First, it would be interesting to learn how the percentage of those with a negative stance towards Jews compares to the percentage of those with a negative stance towards Muslims and Blacks – just to make sure that we don't find some racism unacceptable and another racism normal.
Second, one should raise here the paradox of Zionist anti-Semitism: quite many European (and American) anti-Semites just don't want too many Jews in their own country but they fully support the expansion of Israel onto the West Bank. So, how do we count them?
This brings us to the key question: how do we measure anti-Semitism? Where does the legitimate criticism of Israeli politics in the West Bank end and anti-Semitism begin? Let's explain this through some further observations.
Two Faces
One of the best indications of the gradual disappearance of the sense of irony in our public space was the repetition of a certain metaphor about the negotiations between the state of Israel and Palestinians. About a decade ago, when some kind of peace talks were still going on, the Palestinian negotiator noted how while Israel was negotiating how to divide the West Bank, it was gradually building more and more settlements there.
He compared dealing with Israelis to two guys at a table negotiating how to split the pizza between them. But while their debate goes on and on, one of the guys is all the time eating parts of the pizza.
In a recent documentary report about the West Bank, a settler mentions the same anecdote, but with no sad irony, just with a brutal satisfaction: "Our negotiations with Palestinians are like debating about how to cut a pizza while we are all the time eating slices of it," accompanied by a mischievous smile.
There is something truly disturbing in the way the TV documentary from which we quoted the remark on eating pizza presents the West Bank settlements.
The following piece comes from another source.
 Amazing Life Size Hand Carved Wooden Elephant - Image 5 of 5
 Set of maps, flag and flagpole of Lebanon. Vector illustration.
We learn that, for the majority of the new settlers, what brought them to move there was not a Zionist dream but a simple wish to live in a nice and clean habitat close to a big city (Jerusalem, in this case).
They describe their life there as much better than living in a suburb of Los Angeles: green surroundings, clean air, cheap water and electricity, with a large city easily accessible by special highways. Plus all the local infrastructure (schools, shopping centers, etc.) but cheaper than in the US, built and sustained by Israeli state support.
The Unpeople
As for the Palestinian cities and villages which surround them, they are basically invisible, present in two main forms: cheap labor building the settlements with occasional acts of violence treated as a nuisance.
In short, the majority of settlers live in invisible bubbles, isolated from their surroundings outside and behaving as if what goes on outside their bubbles belongs to another world that doesn't really concern them.
The dream that underlies this politics is best rendered by the wall that separates a settler's town from the Palestinian town on a nearby hill somewhere in the West Bank. The Israeli side of the wall is painted with the image of the countryside beyond the wall – but without the Palestinian town, depicting just nature, grass, trees… is this not ethnic cleansing at its purest, imagining the outside beyond the wall as it should be, empty, virginal and waiting to be settled?
So should we doubt that Israel sincerely wants peace in the Middle East? Of course it does. Because colonizers and occupiers in general always want peace, after they've got what they wanted, because peace means they can enjoy what they grabbed.
No doubt after Germany occupied most of Europe in 1941, it also sincerely wanted peace (and ruthlessly fought all resistance as terrorists). In fact, as for the use of the term "colonization," one should recall that the early Zionists themselves used it to designate their endeavor a century ago.
Now we should return to our starting point: if anyone who just read these lines considers them anti-Semitic, then, I think, he or she is not only totally wrong but also posing a threat to what is most valuable in the Jewish tradition.